People are right to worry about exactly what state the economy is in as a recession inside of a depression results in much greater market declines. During normal recessions, the S&P 500 has dropped between 2% and 43%. During the Great Depression (1929-41), the S&P 500 initially dropping 85% then recovered part way but dropped back 45% during the recession of 1937.
However, there really should not be any discussion about depression: We're in one. We're in the midst of a cascade of poor government actions that have formed what Nobel Laureate Paul Krugman calls the "Lesser Depression," a time of continual high unemployment and weak or negative growth.
If we do enter another recession, it will be a recession inside of a depression like the recession of 1937, not a double dip recession like 1980 and 1981-82. The chart below shows the last double dip recession compared to today.
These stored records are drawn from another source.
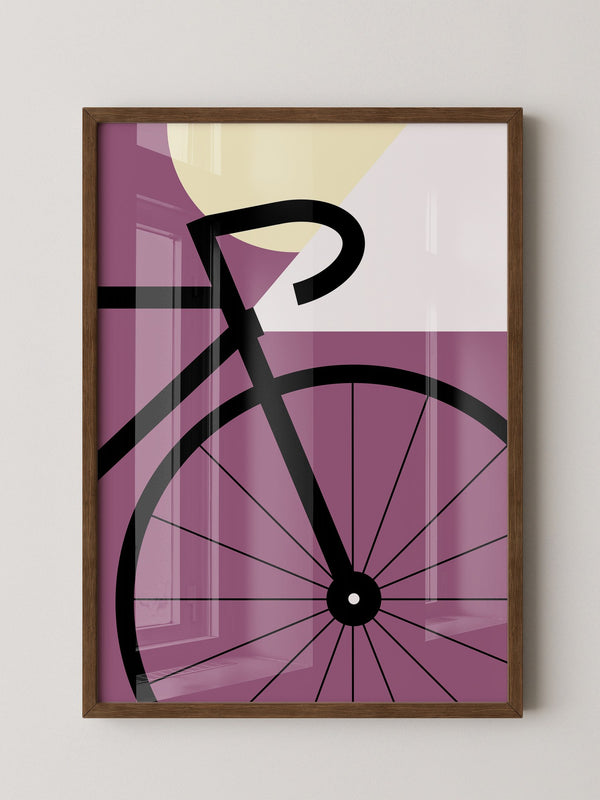 Fahrrad Grafik lila Retro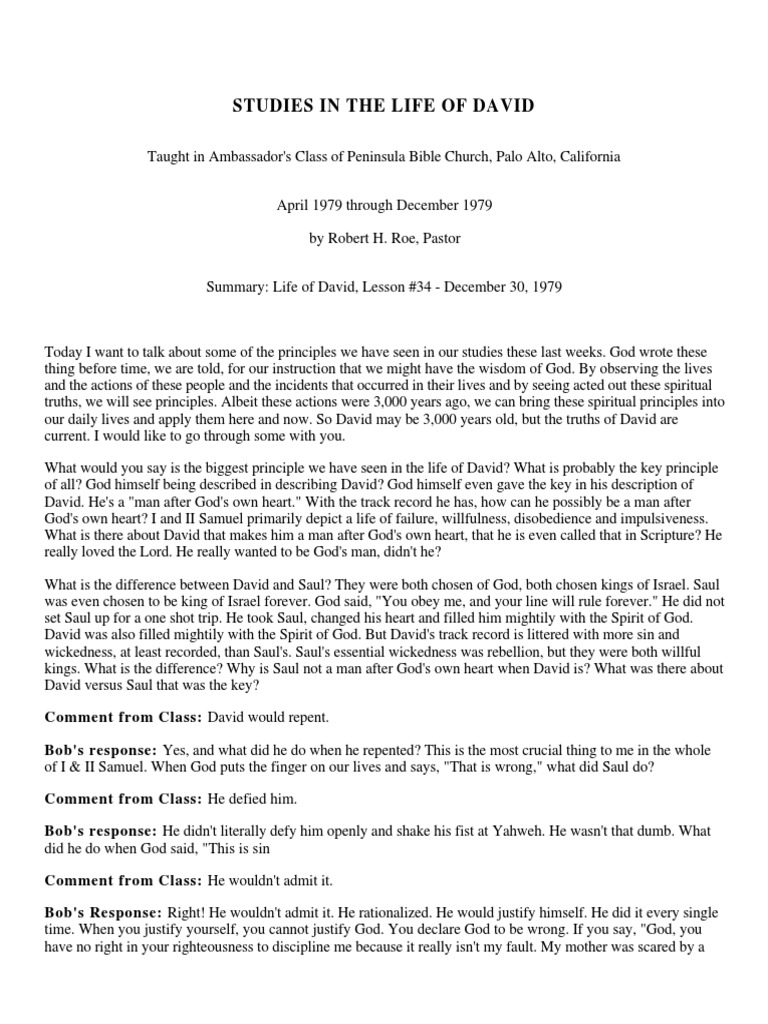 Principles from the Life of David | PDF | David | Saul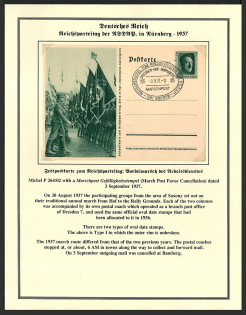 1937 Reich party rally of the NSDAP in Nuremberg. 3 used postcard with oval postmark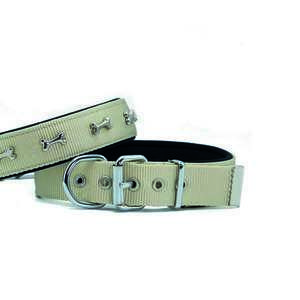 DOGGİE KONFOR DOKUMA KEMİKLİ BOYUN TASMASI HAKİ 3X42-50CM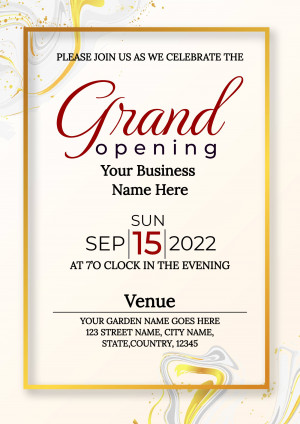 Elegant grand opening invitation with gold accents and red calligraphy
Note that the employment today is still near its high, GDP growth has not reached it's pre-recession levels and T-Bills are hard up against the zero bound instead of high, causing the next recession like in 1981.
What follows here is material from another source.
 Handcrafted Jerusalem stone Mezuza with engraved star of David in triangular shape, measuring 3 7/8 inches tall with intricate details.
The chart below compares the Great Depression to the Lesser Depression with GDP indexed to 100 at the start of each to make comparisons easy. The first recession in the Great Depression lasted 43 months before goverment actions generated a strong recovery The recession that started the Lesser Depression lasted only 18 months before government actions resulted in weak economic growth. The economy today is relatively weaker than in 1937 as we have not fully recovered to the previous GDP level and have equal unemployment.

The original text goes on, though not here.